**** Material for this task ****

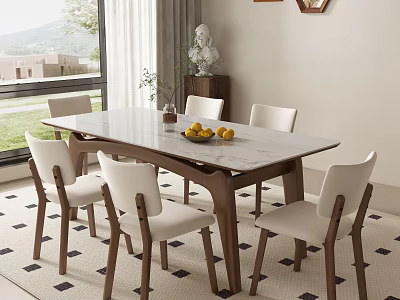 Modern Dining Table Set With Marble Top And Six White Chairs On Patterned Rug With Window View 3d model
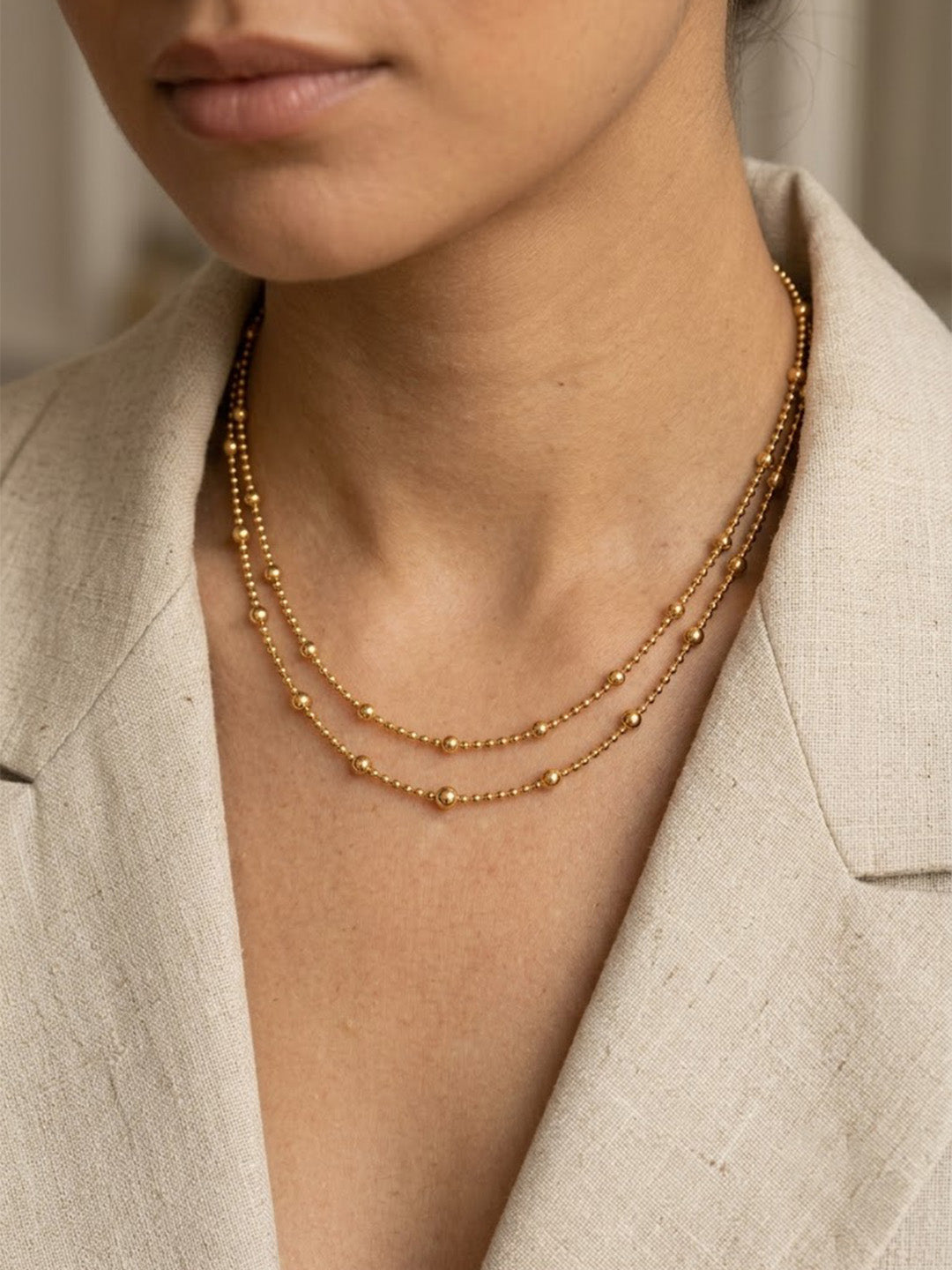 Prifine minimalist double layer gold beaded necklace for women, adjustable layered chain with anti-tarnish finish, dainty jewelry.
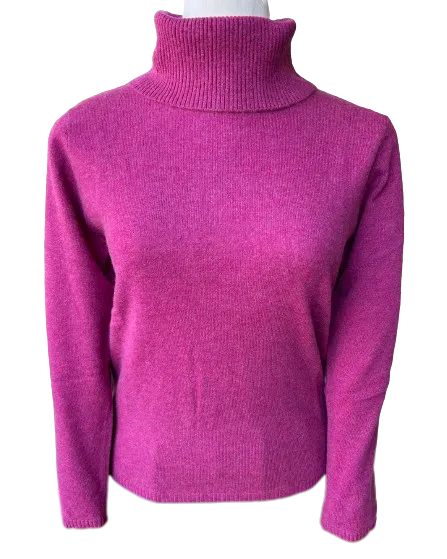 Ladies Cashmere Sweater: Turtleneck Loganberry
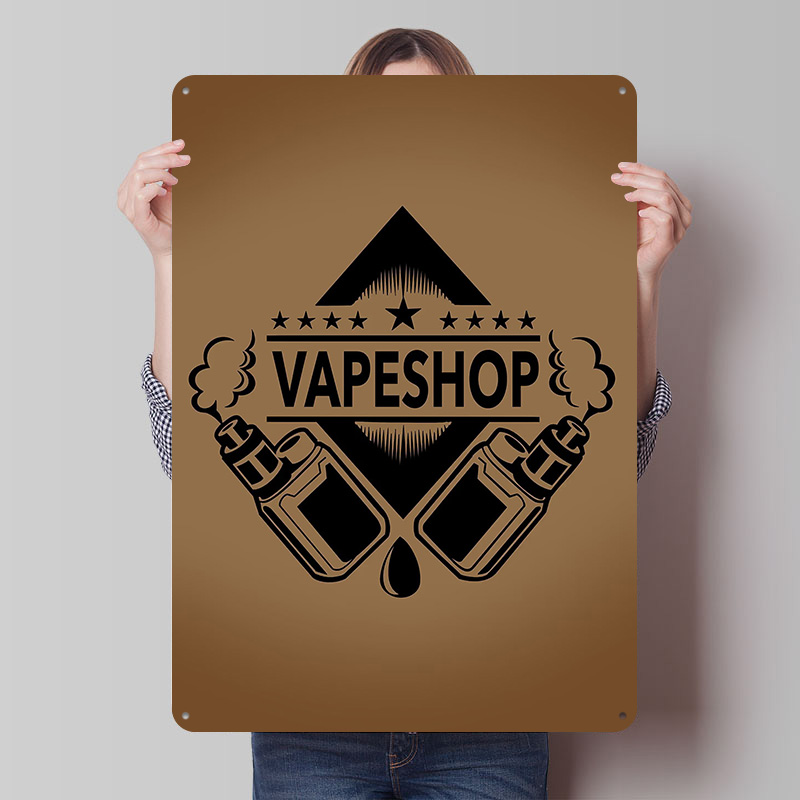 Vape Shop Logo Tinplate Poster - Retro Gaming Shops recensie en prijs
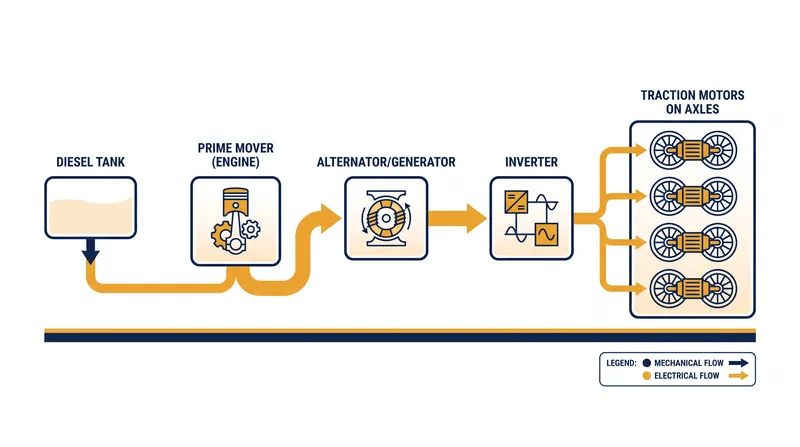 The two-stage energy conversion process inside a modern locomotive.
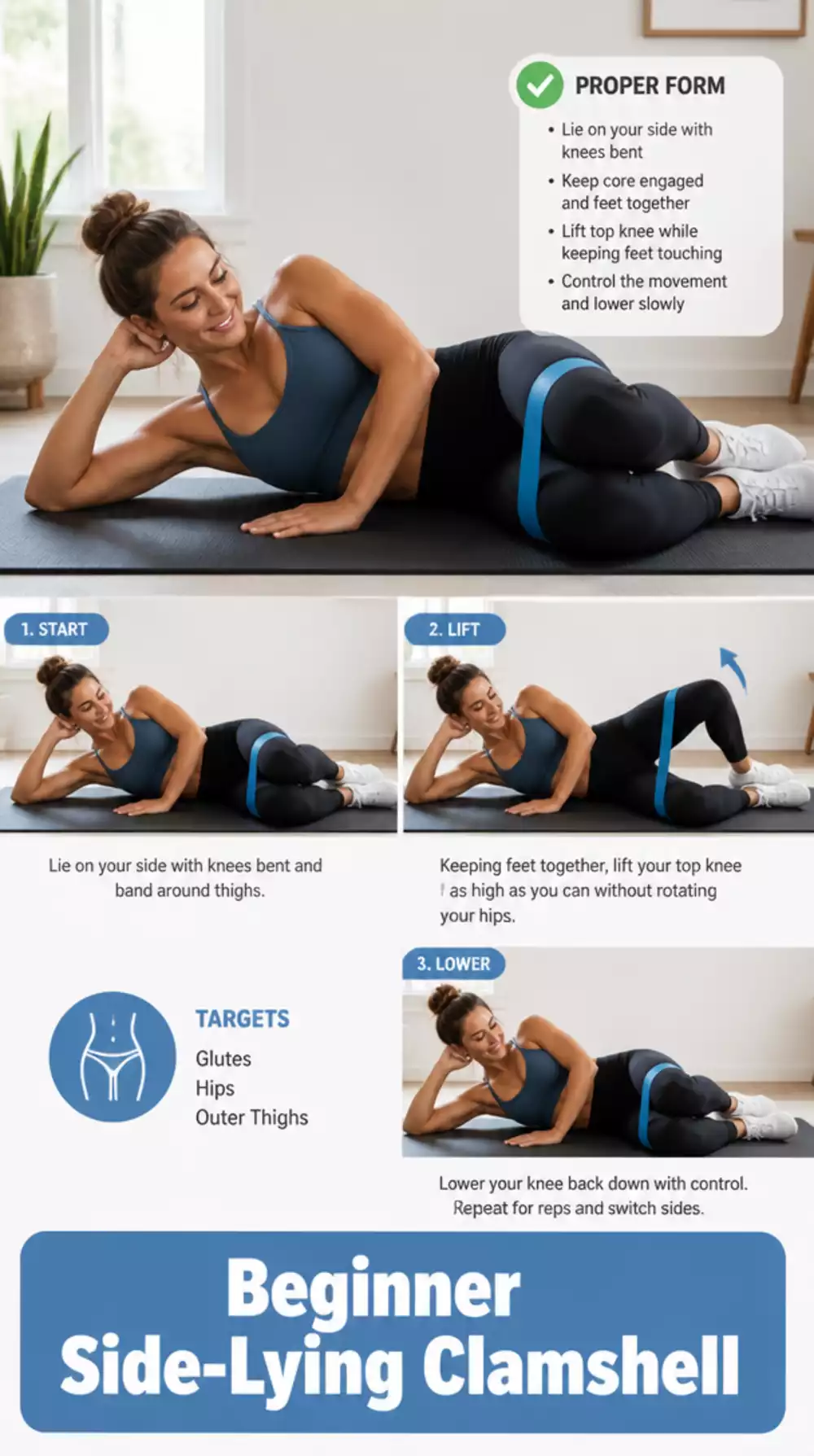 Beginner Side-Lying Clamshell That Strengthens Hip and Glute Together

****
**** Material for this task ****

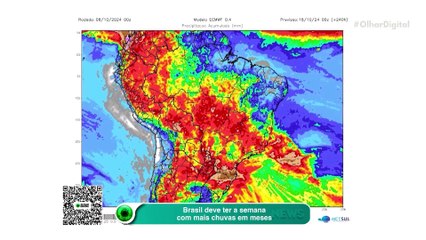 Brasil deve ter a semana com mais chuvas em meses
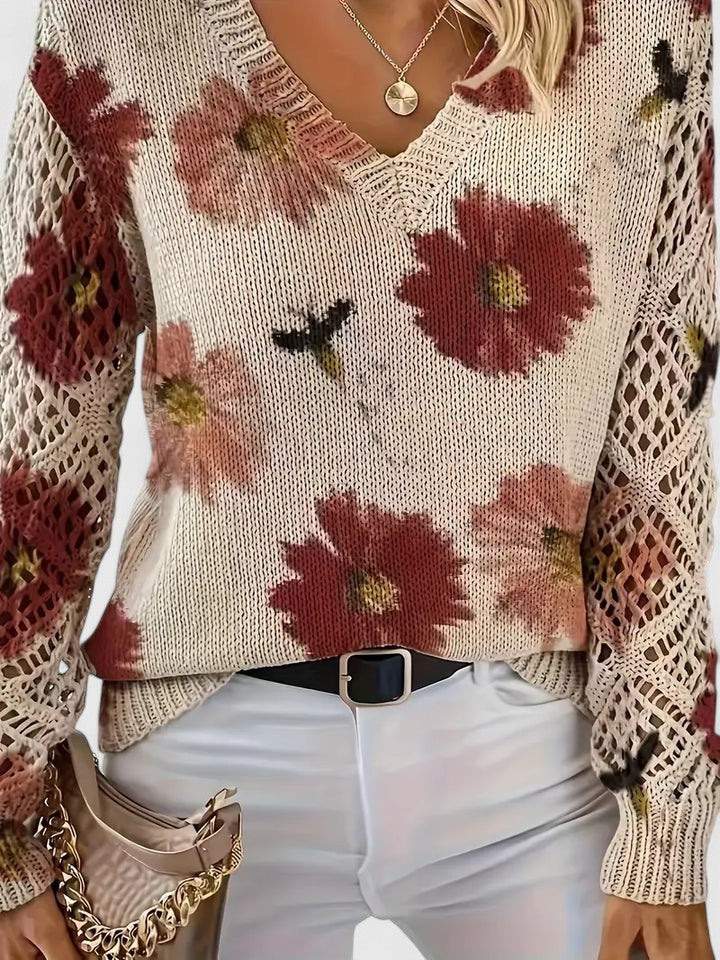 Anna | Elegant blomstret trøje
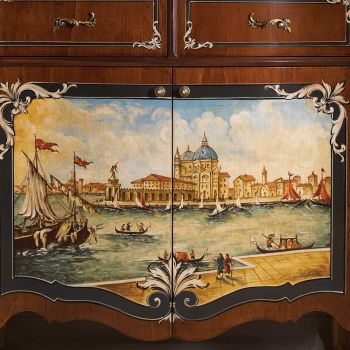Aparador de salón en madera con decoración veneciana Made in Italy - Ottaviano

****
**** Material for this task ****

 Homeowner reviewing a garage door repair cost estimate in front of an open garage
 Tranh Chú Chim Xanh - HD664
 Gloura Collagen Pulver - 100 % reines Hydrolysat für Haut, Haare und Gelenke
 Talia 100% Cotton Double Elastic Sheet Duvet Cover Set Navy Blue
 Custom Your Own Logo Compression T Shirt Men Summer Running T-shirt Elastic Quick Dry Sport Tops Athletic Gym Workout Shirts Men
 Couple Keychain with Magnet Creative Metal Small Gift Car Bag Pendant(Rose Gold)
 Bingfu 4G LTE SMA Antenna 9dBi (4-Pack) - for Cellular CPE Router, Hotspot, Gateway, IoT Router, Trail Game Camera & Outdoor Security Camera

****

* _What to produce_:
An exact copy of the lines above between the line holding "Talia 100% Cotton" and the line holding "Bingfu 4G LTE", inclusive, is the whole answer.

* _Reply_:
 Talia 100% Cotton Double Elastic Sheet Duvet Cover Set Navy Blue
 Custom Your Own Logo Compression T Shirt Men Summer Running T-shirt Elastic Quick Dry Sport Tops Athletic Gym Workout Shirts Men
 Couple Keychain with Magnet Creative Metal Small Gift Car Bag Pendant(Rose Gold)
 Bingfu 4G LTE SMA Antenna 9dBi (4-Pack) - for Cellular CPE Router, Hotspot, Gateway, IoT Router, Trail Game Camera & Outdoor Security Camera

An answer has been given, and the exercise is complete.